Category Archives: GUNS

Change Your Constitution, Says Another British Redcoat

Britain, English, Founding Fathers, GUNS, Homeland Security, Individual Rights, Terrorism

He looks about 12-years old and is already retired. Where could he possible have worked? In the military, of course, where you are put out to pasture decades before individuals in the private sector (read the real economy) can retire. His name is Lt. Col. Michael Kay, formerly an adviser to the British Ministry of Defense. Lt. Col. Kay is here to tell Americans that, because the amorphous terrorist threat against us is “unconventional”—the National Security Agency has to take unconventional means to counter this undefined, unconventional threat.

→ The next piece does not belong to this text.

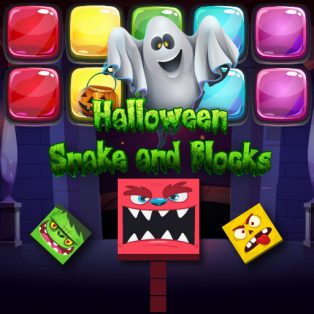 poster of Halloween Snake and Blocks game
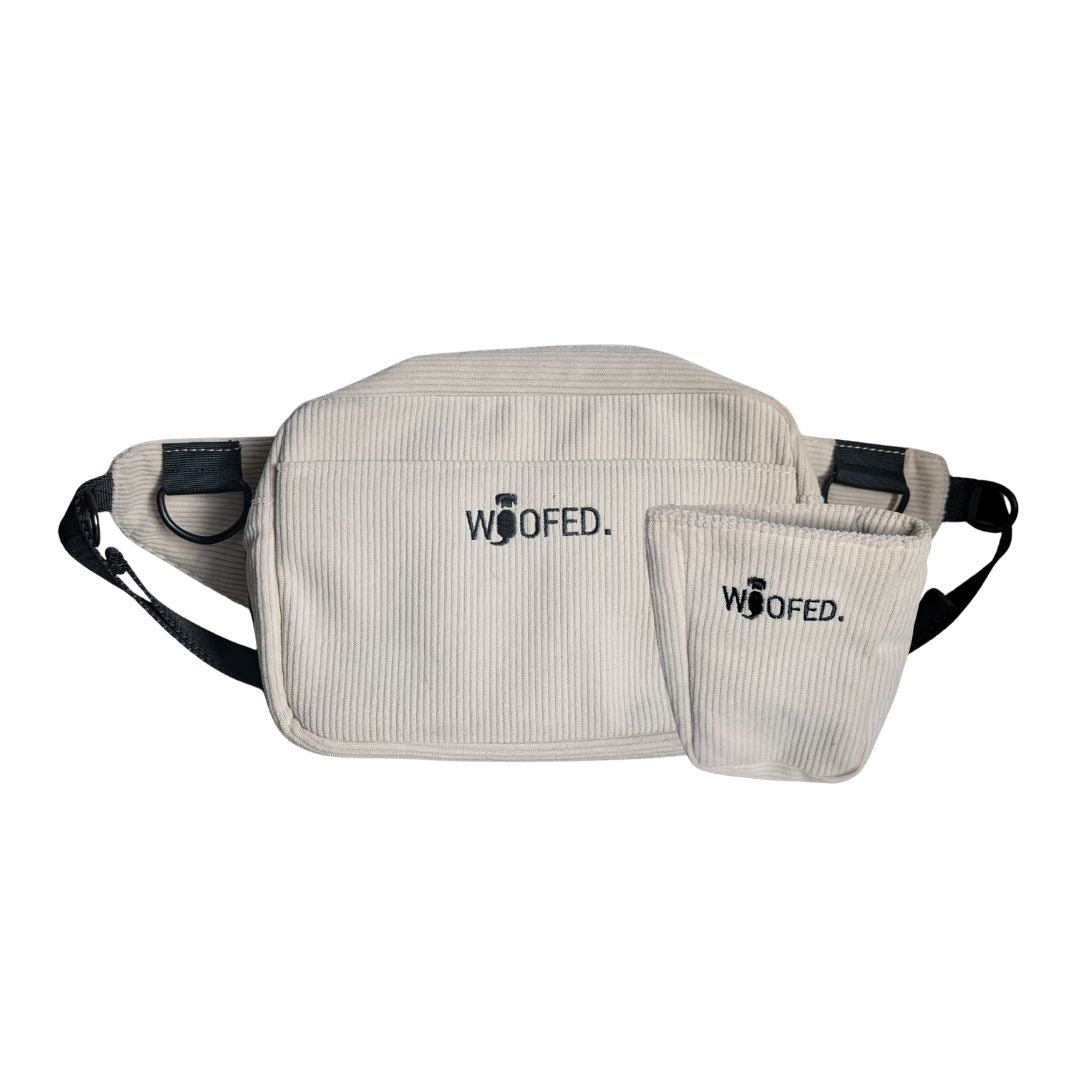 Gassitasche in Cord Beige für Hundehalter mit Leckerlibeutel zum Umhängen und als Bauchtasche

Magnanimously, Kay concedes his host’s point about the NSA’s trampling of the Bill of Rights, the Fourth Amendment to the Constitution, in particular. But hey, what do the Brits know about a constitution—they’ve already trashed their ancient, unwritten, venerated freedoms which inspired the fathers of this nation. Kay, of course, makes his living stoking fear.

Piers Morgan is another Briton who, from his perch at CNN, suborns treason against Americans by preaching against their natural right to defend life and property.

The backdrop: The Washington Post’s revelation—a mere formality really—that the president’s protestations to the contrary, “The National Security Agency has broken privacy rules or overstepped its legal authority thousands of times each year since Congress granted the agency broad new powers in 2008, according to an internal audit and other top-secret documents.”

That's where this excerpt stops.